* _EXERCISE DETAILS_:
Each record beneath this line should be returned exactly as it is.
==*==
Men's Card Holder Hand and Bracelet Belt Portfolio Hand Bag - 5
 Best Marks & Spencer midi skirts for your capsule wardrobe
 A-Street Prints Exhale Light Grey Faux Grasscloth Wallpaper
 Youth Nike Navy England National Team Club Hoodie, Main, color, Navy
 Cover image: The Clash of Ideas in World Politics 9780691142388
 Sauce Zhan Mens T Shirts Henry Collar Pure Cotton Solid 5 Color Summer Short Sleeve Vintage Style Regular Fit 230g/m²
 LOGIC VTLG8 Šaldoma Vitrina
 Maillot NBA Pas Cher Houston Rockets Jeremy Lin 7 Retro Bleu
==*==
* _REPLY TO THE TASK_:
Men's Card Holder Hand and Bracelet Belt Portfolio Hand Bag - 5
 Best Marks & Spencer midi skirts for your capsule wardrobe
 A-Street Prints Exhale Light Grey Faux Grasscloth Wallpaper
 Youth Nike Navy England National Team Club Hoodie, Main, color, Navy
 Cover image: The Clash of Ideas in World Politics 9780691142388
 Sauce Zhan Mens T Shirts Henry Collar Pure Cotton Solid 5 Color Summer Short Sleeve Vintage Style Regular Fit 230g/m²
 LOGIC VTLG8 Šaldoma Vitrina
 Maillot NBA Pas Cher Houston Rockets Jeremy Lin 7 Retro Bleu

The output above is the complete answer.